Réponse de le 30/04/2021 à 19:18 :
Les grands industriels du secteur défense-aérospatial sont effectivement habitués à traiter les problématiques de confidentialité et de propriété intellectuelle avec des pays 'sensibles' comme la Chine ou les USA. Avec des pays amis européens, ça devrait théoriquement être plus simple (ou alors, c’est à désespérer...).
a écrit le 30/04/2021 à 14:08 :
Encore une fois, la France se fait marcher dessus par nos "amis" allemands. Quand comprendrons nous qu'il n'y a pas d'amis en matiere de strategie industrielle entre 2 pays.
Je l'ai vu et vécu dans le spatial. Les allemands prennent toujours plus, et régulièrement en siphonant le savoir faire francais.
Quelle tristesse !
Réponse de le 30/04/2021 à 14:58 :
Oui je comprends aussi. J'ai mon beau-frère qui travaillait chez Snecma/Safran, et en effet fallait voir selon lui, le nombre incroyable de pays qui venaient essayer de pomper le savoir-faire français.

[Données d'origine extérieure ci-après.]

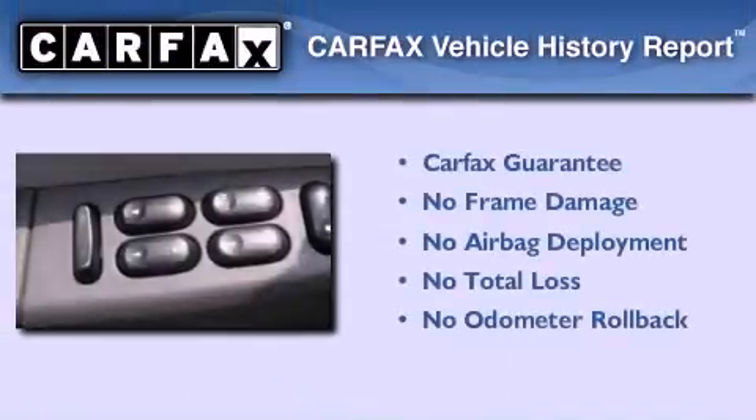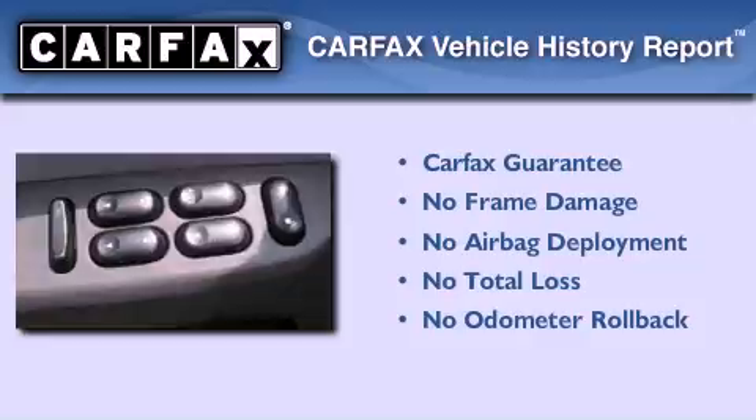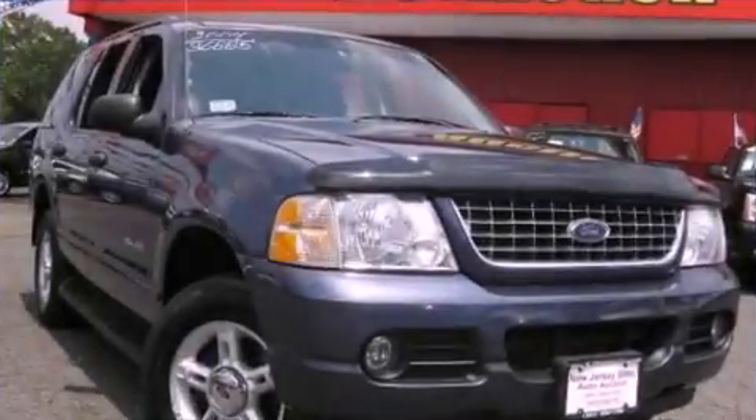Not to mention that this Ford qualifies for the Carfax buyback guarantee. Contact us today to arrange your test drive.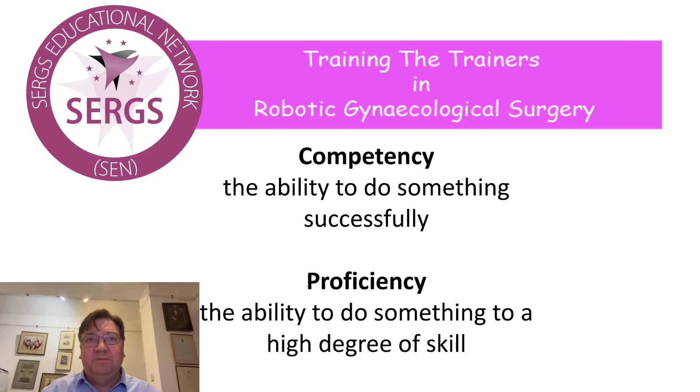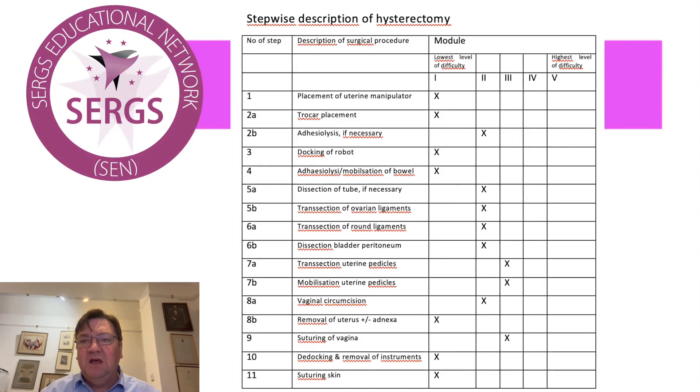So there is a difference between competency and proficiency, and the evidence now really suggests that you should be splitting a task up into different sub-tasks, and you should be proficient at one of these sub-tasks before moving on to the other.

Les ordres de sa hiérarchie lui disait souvent de faire attention à tous les stagiaires ou collaborateurs qui posent trop de questions sur comment cela fonctionne.
a écrit le 30/04/2021 à 14:06 :
Basée à Munich ?!! et la Tribune affiche sa satisfaction ?! On a changé Cabirol...
a écrit le 30/04/2021 à 11:26 :
Société Allemande, tout est normal !!
Safran est pourtant le seul des trois qui maîtrise le sujet de A à Z.
Si la décision politique était prise Safran serait parfaitement en mesure de produire ce moteur en complète autonomie. Les deux autres ne sont que pour acquérir du savoir faire.

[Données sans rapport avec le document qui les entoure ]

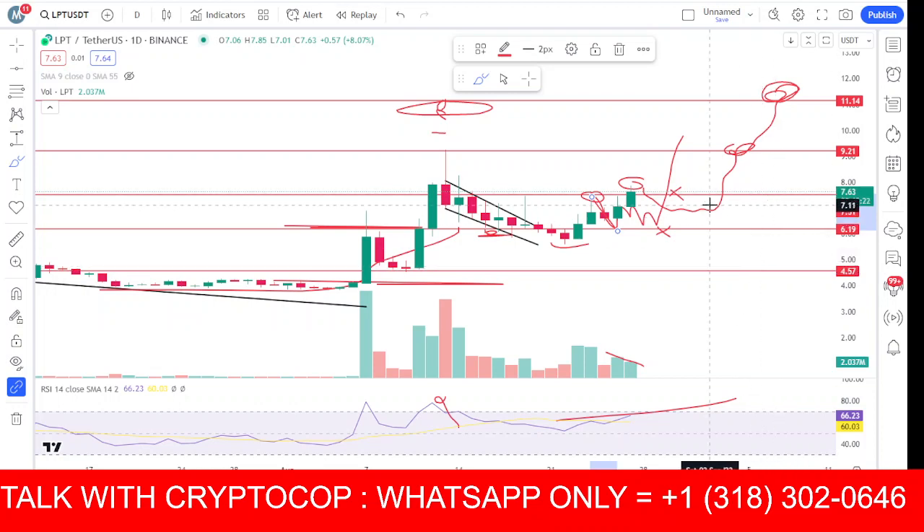Everything is going exactly as I told you. Now it's up to you guys. Personally, I will wait for the daily close. Once the day closes above this area, I will jump in with a stop-loss under the 7.5 area. That's the whole scenario for LPT. If you like my video, make sure to subscribe.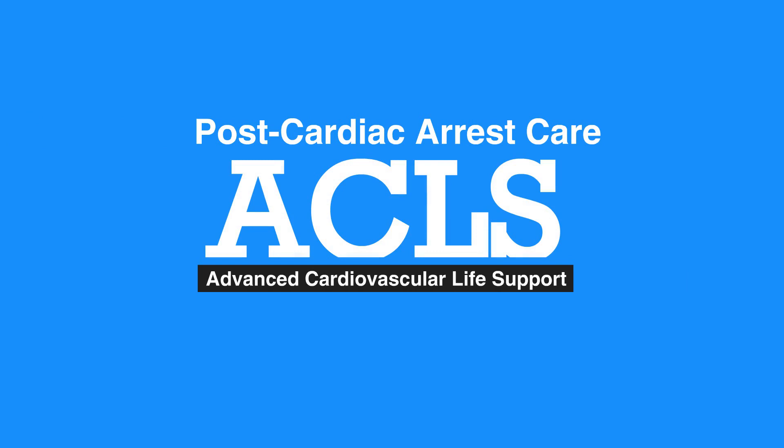This concludes our lesson on post-cardiac arrest care. Next, we'll review acute coronary syndrome.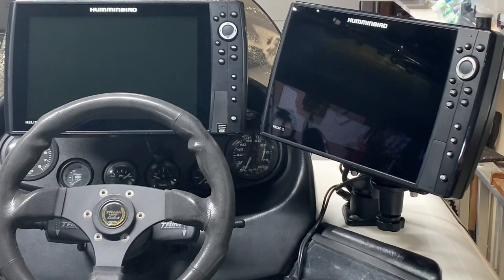2D sonar. GPS. Down imaging. Side imaging.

La France ne négocie rien dans ce programme et sacrifie le savoir faire de sa filière sur l'autel d'une idée Européenne que personne d'autre ne partage.

l'Allemagne y voit une faiblesse qu'elle exploite avec succès en pratiquant la stratégie des vases communicants. Véritable aspirateur à connaissances.

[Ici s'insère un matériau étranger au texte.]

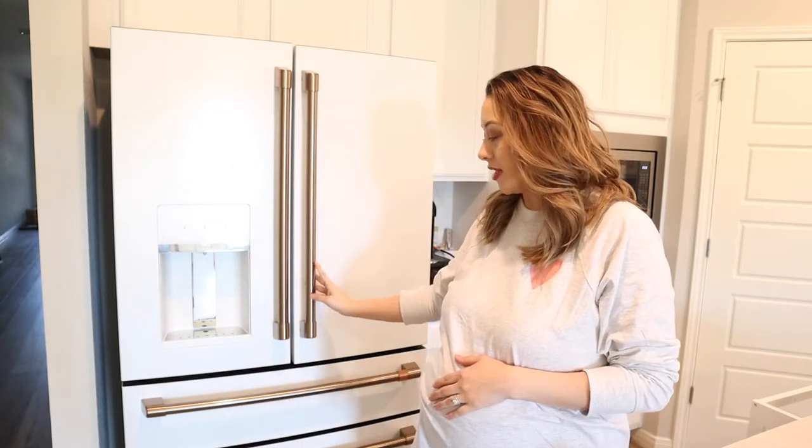Hey guys, welcome back to my channel! Today I'm getting started on my fridge organization and I am so excited. I am 34 weeks pregnant and the nesting bug has really hit, so I'm just going through every space I can to feel organized and prepped for when this baby arrives. We just moved into our new home and were actually living out of a mini fridge for almost three months because we had ordered this fridge. Two weeks after we moved in, we finally got our fridge — this is our Cafe fridge in matte white with bronze, and it's a little bit bigger than counter depth.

Un peu de bluff "jusqu'au-boutiste" laissant à penser que politiquement la France serait capable de lancer le SCAF seule, comme elle l'a finalement fait avec le Rafale, pourrait bien freiner les exigences Berlinoises et revenir à ce qui avait été négocié.

Objecter que c'est financièrement impossible. Excusez moi mais on vient de voir durant cette année que l'on pouvait sortir plus de 100 milliards d'euros de prestations sociales en aides.

Or le coût du SCAF est estimé entre 50 et 100 milliards d'euros (mais sur 20 ans de développement et pas 1 an comme le covid).

Ne pas oublier que si le SCAF est purement national 100% de cette somme ira irriguer l'industrie Française et donc la renforcer pour les 20 ans à venir, offrir des emplois, fera vivre tout un réseau de PME/PMI, etc...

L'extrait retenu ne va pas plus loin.